Viviendo con el enemigo

Crítica de Pablo O. Scholz - Clarín

No hay muchas historias de amor que transcurran a pocos meses de terminada la Segunda Guerra Mundial, en las ruinas de una Hamburgo en la que la convivencia entre las tropas aliadas y los habitantes es decididamente difícil.

Allí llega Rachael (Keira Knightley, con sus aires de señora, o los que les pueden dar sus 34 años), siguiendo el destino de su esposo, el coronel Lewis Morgan (el habitué de las salas porteñas Jason Clarke, de Cementerio de animales y Obsesión). El militar tiene que ordenar el caos entre los civiles, los soldados y varios partidarios de Hitler que tienen marcado a fuego su pertenencia al partido nazi (con el 88 en el antebrazo, por la octava letra H, y Heil Hitler).

Nada es sencillo, porque la pareja esconde, o mejor dicho, no habla de una tragedia que les ha ocurrido y que no vamos a spoilear.

Lo cierto es que el lugar donde Rachael paseará su deshabillé de seda, sus tacos altos, sus vestidos de gala para salir a fiestas es la mansión donde habitaba un arquitecto (Alexsander Skarsgard, de Big Little Lies y la floja La leyenda de Tarzán). Pero -siempre hay un pero- el coronel en vez de enviar al alemán y a su hija adolescente a un campamento, les ofrece quedarse en el piso de arriba.

De la pésima predisposición original de Rachael -quien no quiere saber nada con tener un nazi cerca- a las escenas de sexo más o menos desenfrenado se pasa en un chasquido de dedos. Tal vez porque no hay mucha atracción en el matrimonio, porque Rachael descubre que Lubert no era nazi, porque besaba bien o porque hacía falta para apurar el metraje.

Pero ese amor es poco convincente, forzado, aunque necesario para que se desarrolle la trama. Inevitable desde el primer vistazo que se dan la británica y el alemán.

Pero esto no es The Reader. No.

Lo cierto es que este triángulo amoroso en tiempos de decadencia moral tiene en sus vértices a tres buenas personas. Déjese de lado el morbo o no del adulterio: Lewis, Rachael y Herr Lubert son tres personajes con pérdidas en sus espaldas (el local enviudó: su esposa murió en un bombardeo inglés) y se las arreglarán como puedan.

Quien no puede resolver el conflicto de manera adecuada es el director James Kent, con un pasado eminentemente televisivo, que en algunas secuencias llegando al final echa mano de artilugios que, en vez de solidificar la historia, la debilitan.

Será una serie de coincidencias -Freda, la hija de Lubert (Flora Thiemann) se enamora de un muchacho de la resistencia nazi-, pero se llega a un desenlace que parece forzado cuando se debió arribar a él por convencimiento.

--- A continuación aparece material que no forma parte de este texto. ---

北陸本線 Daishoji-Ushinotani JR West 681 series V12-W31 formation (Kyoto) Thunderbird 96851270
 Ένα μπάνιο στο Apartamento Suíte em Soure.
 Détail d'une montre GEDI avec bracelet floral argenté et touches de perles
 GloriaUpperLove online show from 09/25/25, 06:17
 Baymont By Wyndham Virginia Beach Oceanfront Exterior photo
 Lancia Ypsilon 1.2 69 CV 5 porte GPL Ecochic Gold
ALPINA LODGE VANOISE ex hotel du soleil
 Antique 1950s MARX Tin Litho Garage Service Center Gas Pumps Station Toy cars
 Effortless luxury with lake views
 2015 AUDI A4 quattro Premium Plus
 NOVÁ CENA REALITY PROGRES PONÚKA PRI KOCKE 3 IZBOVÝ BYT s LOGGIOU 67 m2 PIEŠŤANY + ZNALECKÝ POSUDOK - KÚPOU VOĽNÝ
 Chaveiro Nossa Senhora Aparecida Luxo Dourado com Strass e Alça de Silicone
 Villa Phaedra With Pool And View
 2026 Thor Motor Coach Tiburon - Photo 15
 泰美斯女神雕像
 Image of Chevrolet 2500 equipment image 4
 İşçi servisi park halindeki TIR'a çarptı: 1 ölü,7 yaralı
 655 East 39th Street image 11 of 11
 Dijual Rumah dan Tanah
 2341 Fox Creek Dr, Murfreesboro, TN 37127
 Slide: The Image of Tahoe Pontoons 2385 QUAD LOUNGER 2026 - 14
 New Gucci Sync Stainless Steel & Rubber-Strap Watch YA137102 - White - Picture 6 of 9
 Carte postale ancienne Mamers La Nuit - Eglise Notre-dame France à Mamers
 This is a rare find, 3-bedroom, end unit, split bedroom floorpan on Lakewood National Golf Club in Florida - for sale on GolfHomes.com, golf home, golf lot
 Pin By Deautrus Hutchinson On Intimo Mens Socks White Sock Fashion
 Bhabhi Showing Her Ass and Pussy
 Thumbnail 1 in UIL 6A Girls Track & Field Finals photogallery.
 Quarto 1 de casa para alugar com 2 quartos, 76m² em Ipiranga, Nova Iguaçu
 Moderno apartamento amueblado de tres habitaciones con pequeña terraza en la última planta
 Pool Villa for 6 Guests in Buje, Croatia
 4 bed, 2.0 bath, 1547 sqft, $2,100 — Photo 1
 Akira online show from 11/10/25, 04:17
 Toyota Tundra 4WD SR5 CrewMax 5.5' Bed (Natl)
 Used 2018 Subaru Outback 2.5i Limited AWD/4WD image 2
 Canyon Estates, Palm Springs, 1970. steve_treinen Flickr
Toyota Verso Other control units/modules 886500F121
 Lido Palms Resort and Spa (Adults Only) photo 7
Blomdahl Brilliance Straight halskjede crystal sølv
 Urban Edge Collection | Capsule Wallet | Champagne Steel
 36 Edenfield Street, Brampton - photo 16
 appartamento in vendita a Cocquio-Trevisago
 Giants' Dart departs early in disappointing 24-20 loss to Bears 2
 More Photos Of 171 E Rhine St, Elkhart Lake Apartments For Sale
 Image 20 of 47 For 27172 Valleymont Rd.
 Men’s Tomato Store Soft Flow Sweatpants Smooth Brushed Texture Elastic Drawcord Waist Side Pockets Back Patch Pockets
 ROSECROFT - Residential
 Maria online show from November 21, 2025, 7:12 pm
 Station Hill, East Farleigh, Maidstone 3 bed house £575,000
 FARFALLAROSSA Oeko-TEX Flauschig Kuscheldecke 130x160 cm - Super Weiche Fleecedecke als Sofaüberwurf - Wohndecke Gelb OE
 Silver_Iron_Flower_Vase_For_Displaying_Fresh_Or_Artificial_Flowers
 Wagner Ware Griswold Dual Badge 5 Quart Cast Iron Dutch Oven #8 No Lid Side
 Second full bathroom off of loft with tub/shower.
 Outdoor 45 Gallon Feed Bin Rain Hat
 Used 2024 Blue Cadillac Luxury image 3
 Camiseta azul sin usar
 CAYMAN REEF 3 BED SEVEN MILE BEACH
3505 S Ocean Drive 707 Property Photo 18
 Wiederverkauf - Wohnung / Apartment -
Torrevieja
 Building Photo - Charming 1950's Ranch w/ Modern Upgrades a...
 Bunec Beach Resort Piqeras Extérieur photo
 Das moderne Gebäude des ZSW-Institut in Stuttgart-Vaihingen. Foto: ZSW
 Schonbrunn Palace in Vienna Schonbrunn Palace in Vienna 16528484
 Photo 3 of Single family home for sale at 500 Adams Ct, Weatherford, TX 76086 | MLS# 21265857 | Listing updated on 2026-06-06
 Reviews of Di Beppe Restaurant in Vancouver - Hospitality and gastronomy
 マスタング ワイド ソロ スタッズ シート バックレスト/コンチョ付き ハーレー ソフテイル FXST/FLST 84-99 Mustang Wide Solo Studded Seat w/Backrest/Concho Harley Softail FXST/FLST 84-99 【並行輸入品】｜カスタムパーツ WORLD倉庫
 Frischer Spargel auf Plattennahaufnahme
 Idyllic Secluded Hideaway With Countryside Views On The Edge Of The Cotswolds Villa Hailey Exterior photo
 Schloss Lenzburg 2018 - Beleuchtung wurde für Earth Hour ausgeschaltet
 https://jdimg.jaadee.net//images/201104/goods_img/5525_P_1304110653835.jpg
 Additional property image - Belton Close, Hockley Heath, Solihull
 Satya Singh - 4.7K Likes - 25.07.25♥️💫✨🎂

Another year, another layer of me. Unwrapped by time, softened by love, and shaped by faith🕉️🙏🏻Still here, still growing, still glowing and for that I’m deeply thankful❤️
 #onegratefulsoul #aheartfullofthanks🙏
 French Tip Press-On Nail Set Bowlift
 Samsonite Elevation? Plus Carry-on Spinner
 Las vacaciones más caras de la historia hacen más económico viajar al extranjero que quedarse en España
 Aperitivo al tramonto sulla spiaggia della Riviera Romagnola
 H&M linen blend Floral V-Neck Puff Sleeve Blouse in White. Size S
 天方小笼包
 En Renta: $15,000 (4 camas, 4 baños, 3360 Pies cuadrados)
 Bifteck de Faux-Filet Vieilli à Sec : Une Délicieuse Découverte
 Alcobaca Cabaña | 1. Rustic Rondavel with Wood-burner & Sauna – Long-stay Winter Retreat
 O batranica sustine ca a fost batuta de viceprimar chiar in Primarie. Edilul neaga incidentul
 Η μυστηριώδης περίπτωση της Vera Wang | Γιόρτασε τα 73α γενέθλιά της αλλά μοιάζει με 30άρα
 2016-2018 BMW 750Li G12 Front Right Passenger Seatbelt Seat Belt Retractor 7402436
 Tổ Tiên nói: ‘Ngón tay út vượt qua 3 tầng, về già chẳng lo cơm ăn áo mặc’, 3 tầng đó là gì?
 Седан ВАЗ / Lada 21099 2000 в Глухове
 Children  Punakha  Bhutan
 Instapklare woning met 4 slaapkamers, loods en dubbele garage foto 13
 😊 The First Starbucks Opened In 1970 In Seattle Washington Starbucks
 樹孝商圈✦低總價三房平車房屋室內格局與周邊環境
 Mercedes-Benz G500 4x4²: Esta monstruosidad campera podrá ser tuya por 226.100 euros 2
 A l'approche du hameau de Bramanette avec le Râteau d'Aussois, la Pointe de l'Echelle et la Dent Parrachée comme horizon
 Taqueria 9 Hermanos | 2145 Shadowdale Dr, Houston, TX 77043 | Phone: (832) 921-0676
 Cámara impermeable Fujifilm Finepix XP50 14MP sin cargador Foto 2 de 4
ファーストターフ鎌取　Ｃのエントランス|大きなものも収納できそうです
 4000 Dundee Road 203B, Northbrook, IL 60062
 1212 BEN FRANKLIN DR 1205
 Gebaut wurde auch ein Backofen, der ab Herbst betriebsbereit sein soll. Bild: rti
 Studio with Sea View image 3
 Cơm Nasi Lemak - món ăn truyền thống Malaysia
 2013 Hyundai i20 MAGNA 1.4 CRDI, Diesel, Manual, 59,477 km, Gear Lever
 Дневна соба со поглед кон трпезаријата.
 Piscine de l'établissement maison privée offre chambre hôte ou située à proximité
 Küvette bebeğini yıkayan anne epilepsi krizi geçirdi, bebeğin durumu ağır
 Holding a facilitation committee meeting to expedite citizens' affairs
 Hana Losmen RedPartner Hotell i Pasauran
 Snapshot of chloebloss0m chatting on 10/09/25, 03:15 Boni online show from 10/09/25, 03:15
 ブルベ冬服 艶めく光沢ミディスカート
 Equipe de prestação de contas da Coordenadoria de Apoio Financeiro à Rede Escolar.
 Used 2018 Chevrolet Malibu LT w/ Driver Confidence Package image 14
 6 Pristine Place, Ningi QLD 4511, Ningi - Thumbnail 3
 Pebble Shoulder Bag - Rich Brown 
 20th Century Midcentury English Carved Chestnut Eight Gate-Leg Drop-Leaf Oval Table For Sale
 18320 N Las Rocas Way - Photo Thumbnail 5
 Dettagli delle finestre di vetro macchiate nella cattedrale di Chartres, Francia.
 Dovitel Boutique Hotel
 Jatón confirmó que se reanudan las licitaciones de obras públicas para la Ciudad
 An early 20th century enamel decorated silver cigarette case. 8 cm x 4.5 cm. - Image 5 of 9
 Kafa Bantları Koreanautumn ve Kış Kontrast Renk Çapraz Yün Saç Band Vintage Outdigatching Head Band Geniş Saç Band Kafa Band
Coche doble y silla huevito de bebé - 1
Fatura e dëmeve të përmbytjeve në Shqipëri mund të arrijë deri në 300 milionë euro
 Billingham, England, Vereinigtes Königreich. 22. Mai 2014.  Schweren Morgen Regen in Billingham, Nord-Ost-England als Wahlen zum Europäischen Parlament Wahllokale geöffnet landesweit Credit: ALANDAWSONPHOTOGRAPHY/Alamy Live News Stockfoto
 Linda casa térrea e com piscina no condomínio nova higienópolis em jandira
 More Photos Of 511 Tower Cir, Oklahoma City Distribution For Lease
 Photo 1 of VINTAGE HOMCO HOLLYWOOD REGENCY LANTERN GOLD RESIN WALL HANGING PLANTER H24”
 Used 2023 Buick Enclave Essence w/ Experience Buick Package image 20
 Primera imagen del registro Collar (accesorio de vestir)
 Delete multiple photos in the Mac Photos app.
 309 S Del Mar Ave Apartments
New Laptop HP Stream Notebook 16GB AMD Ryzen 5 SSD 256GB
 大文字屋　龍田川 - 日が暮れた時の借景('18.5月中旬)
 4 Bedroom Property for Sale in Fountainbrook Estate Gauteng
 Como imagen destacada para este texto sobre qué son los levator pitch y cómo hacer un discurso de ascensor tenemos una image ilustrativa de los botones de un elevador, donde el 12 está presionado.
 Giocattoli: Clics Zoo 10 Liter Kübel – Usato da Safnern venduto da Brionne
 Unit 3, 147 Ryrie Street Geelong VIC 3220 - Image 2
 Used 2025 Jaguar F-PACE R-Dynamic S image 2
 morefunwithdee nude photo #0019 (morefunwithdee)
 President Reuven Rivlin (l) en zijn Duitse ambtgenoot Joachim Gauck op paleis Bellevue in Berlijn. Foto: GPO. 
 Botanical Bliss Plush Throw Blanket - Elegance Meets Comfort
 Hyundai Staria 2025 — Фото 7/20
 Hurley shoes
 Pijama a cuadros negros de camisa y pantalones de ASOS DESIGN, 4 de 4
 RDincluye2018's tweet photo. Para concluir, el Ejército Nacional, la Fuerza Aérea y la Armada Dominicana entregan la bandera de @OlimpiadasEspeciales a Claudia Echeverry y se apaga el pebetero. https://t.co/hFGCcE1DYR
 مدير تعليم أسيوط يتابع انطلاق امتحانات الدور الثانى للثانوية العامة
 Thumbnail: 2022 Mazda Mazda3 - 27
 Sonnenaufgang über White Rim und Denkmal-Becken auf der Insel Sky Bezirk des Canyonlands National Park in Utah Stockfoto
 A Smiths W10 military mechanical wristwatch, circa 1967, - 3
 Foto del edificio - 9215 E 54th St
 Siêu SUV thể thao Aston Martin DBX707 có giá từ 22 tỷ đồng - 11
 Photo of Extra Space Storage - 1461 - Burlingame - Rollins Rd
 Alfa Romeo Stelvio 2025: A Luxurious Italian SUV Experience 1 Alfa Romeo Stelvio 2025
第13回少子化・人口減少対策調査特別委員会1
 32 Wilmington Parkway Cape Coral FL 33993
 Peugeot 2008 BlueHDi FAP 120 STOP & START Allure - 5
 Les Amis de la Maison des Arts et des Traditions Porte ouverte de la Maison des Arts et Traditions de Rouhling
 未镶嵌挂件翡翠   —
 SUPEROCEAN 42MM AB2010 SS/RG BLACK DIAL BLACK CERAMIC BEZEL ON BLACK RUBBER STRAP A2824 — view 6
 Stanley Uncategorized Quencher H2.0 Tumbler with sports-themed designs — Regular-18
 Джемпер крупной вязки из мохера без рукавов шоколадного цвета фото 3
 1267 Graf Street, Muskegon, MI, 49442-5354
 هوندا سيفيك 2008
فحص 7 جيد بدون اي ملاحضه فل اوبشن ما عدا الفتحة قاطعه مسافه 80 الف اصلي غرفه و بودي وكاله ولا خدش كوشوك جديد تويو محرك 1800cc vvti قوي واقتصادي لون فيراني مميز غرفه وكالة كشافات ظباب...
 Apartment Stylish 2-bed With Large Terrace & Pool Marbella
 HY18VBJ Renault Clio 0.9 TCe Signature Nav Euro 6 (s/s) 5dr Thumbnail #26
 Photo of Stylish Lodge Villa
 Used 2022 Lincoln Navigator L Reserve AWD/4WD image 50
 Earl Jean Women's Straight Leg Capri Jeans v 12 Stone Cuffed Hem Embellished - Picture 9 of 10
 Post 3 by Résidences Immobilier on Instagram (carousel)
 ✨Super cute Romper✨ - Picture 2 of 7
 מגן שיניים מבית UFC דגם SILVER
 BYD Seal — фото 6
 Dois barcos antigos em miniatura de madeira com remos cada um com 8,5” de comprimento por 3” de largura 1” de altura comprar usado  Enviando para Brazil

El trío protagónico está muy bien y cumple con las características de sus personajes, desde la frialdad de Clarke hasta el clasicismo de época que le conocemos bien a la actriz de Orgullo y prejuicio y Expiación, deseo y pecado.

Las secuelas a las que se refiere el título original (más adecuado que el local o latinoamericano, que parece una remake de Durmiendo con el enemigo, en la que la que sufría horrores era Julia Roberts) terminan siendo un baño de moralina. Tiempos difíciles los de la posguerra, y ni qué hablar de la credibilidad en el cine en pleno siglo XXI.